NOOT: Dit stuk is onderdeel van een driedelig interview met Andi Gross over democratische vernieuwing van het kiesstelsel. In deel een en twee delen kijken we naar twee bijzondere kiesstelsels: het Zwitserse kiesstelsel en het Duitse gemengde kiesstelsel. In dit derde en laatste deel bespreken we het fenomeen fractiediscipline en de rol van volksvertegenwoordigers.

In de Nederlandse Tweede Kamer worden 99,998% van de stemmen volgens de partijlijn uitgebracht. Kamerleden die graag anders willen stemmen, worden meestal door hun partij onder druk gezet om alsnog met de partijlijn in te stemmen. Partijen stellen dat kandidaten niet zelf hun zetel hebben gewonnen, maar enkel vanwege hun plaats op de partijlijst. Hoe kijkt u hier naar?

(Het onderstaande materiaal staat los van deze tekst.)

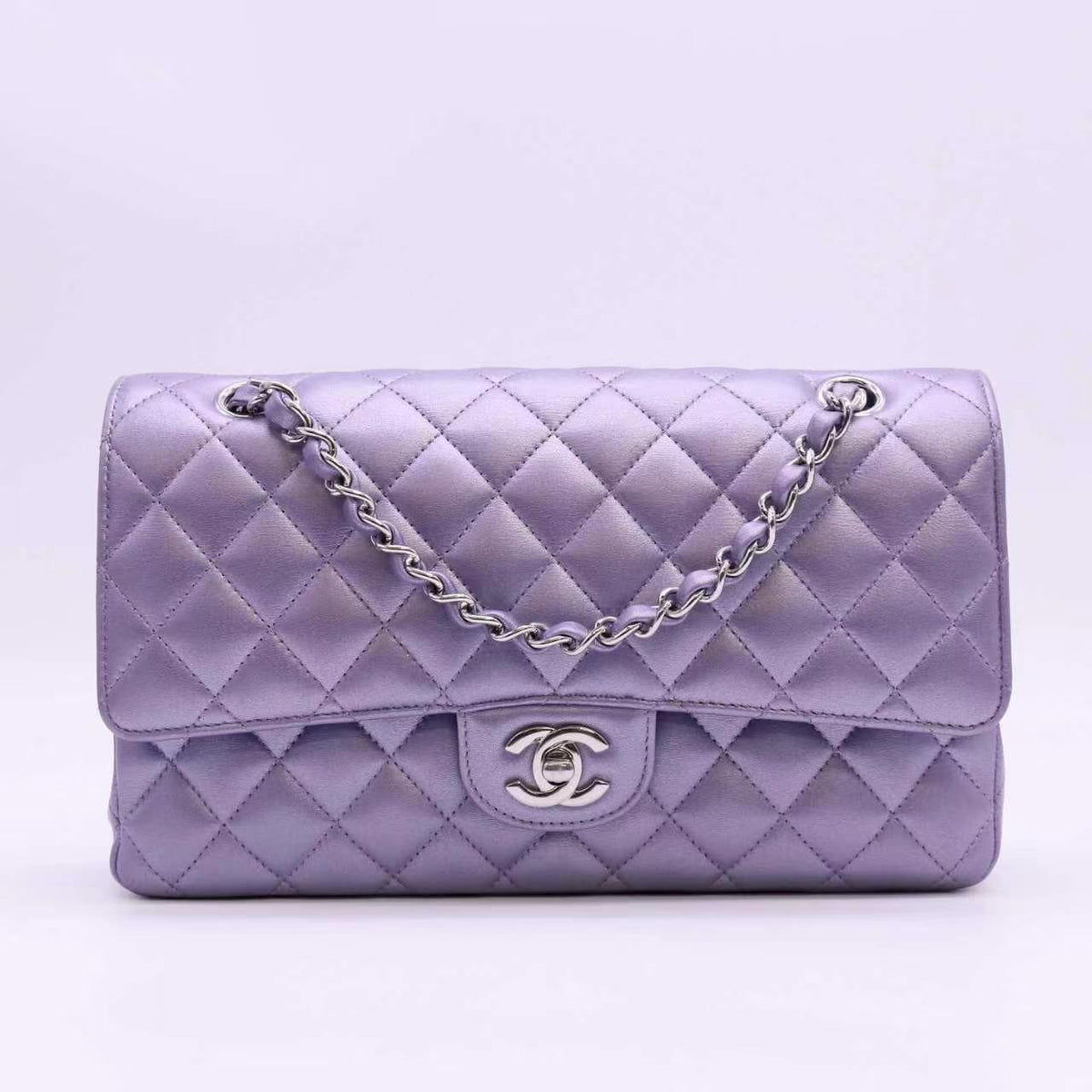 Chanel Metallic Lambskin Quilted Medium Double Flap Purple twins LDZ1603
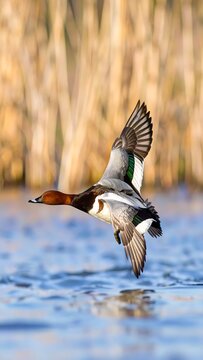 A duck in flight over water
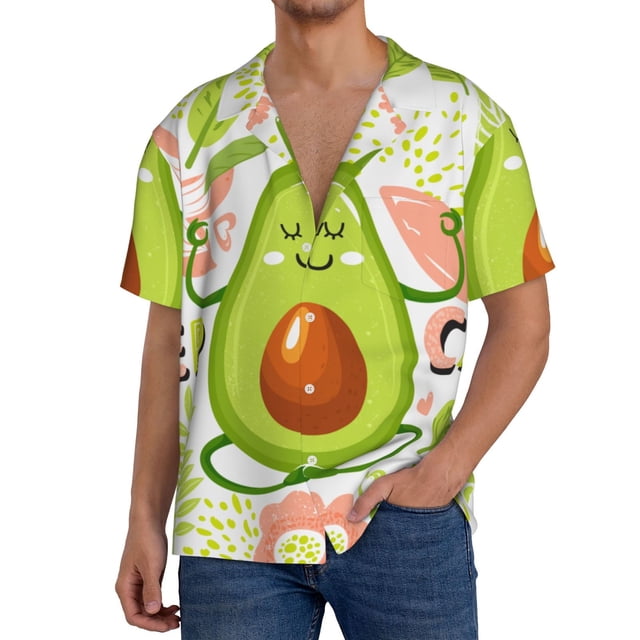Fotbe Avocado Keep Calm Camisa Estampada de Manga Corta para Hombre, Casual de Verano, Estilo Playero, Sin Arrugas-4X-Large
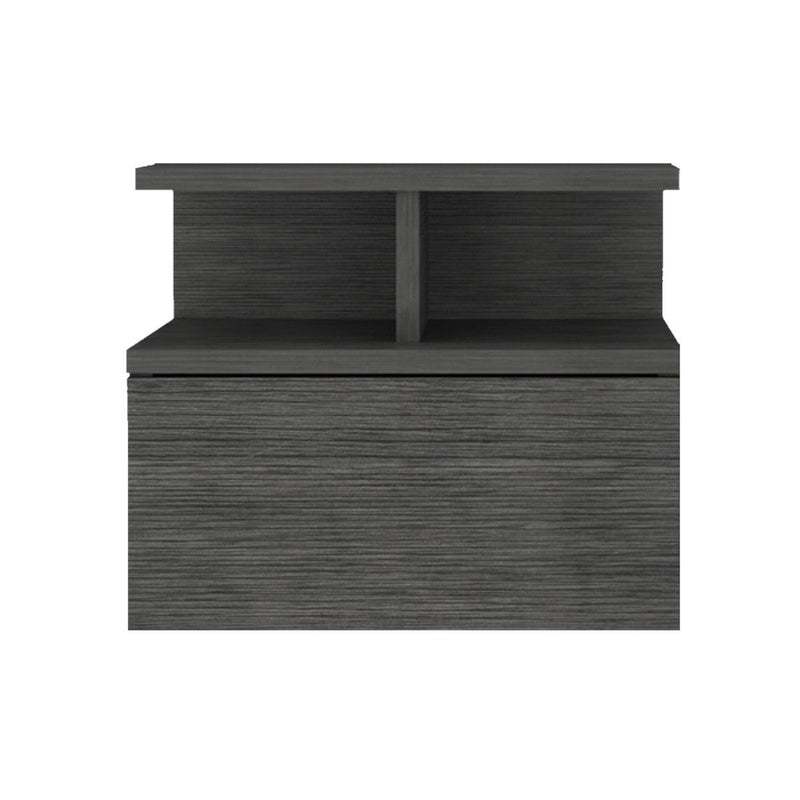 One Drawer Faux Wood Floating Nightstand - Dark Gray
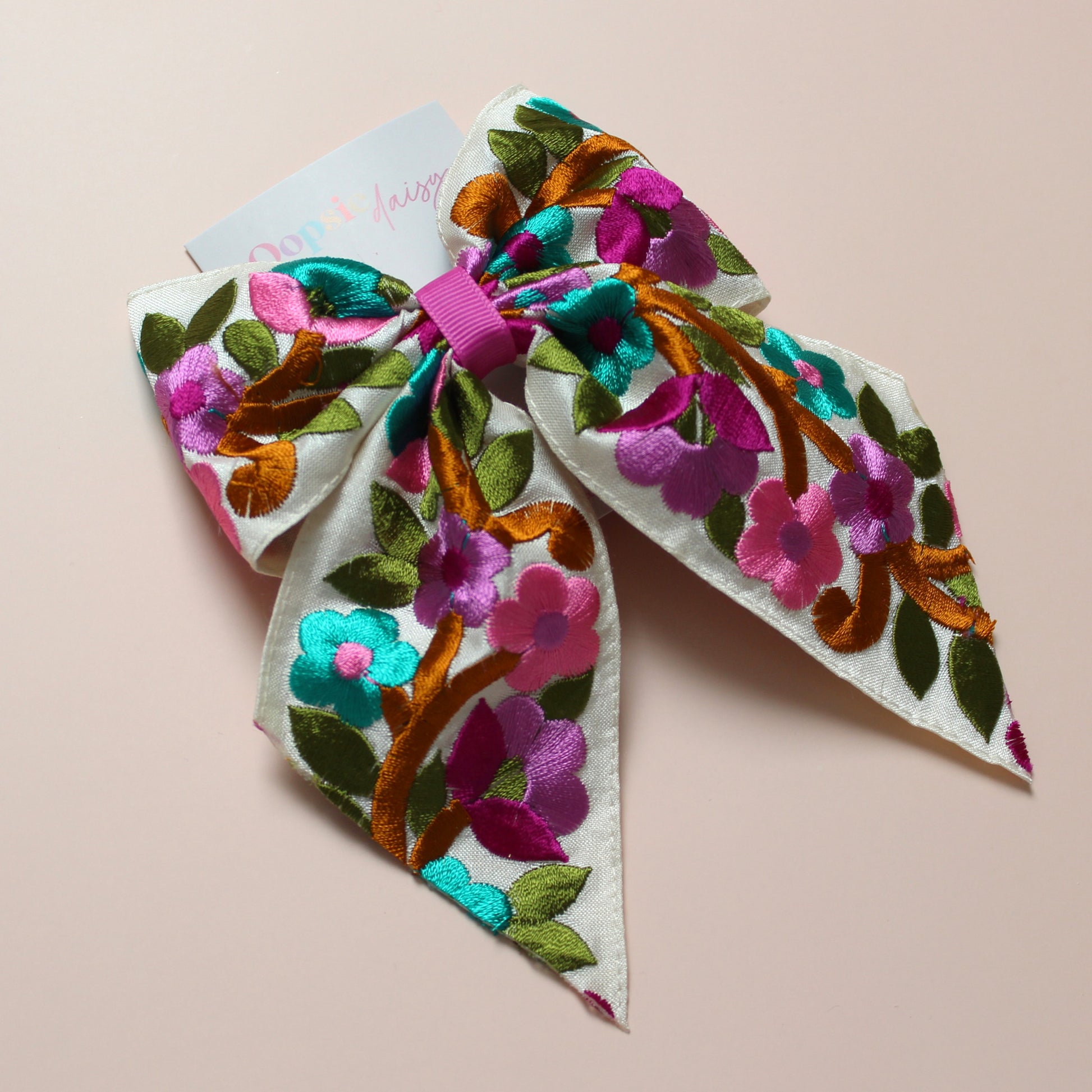 Multi colour embroidered floral hair bow clip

“De autocratisering van de politiek is een groot probleem. Het is ongezond om alle macht te concentreren bij de partijleiders. Het komt voort uit de negatieve notie van macht van Max Weber. Dat komt neer op: ‘Jij zult dit doen, ook al wil je het niet.’ In een democratie zouden we juist uit moeten gaan van een positieve notie van macht, zoals Hannah Arendt. Het is treurig dat democratie”, die volgens Gross juist gestoeld is op deze positieve notie, “gevoed wordt met deze negatieve notie van macht. Het gaat ten koste van de individuele vrijheid van parlementsleden. Men zou het in partijen veel vaker met elkaar oneens moeten zijn. Dat zou veel geloofwaardiger zijn dan dat er een schijn wordt opgehouden dat iedereen het met elkaar eens is.”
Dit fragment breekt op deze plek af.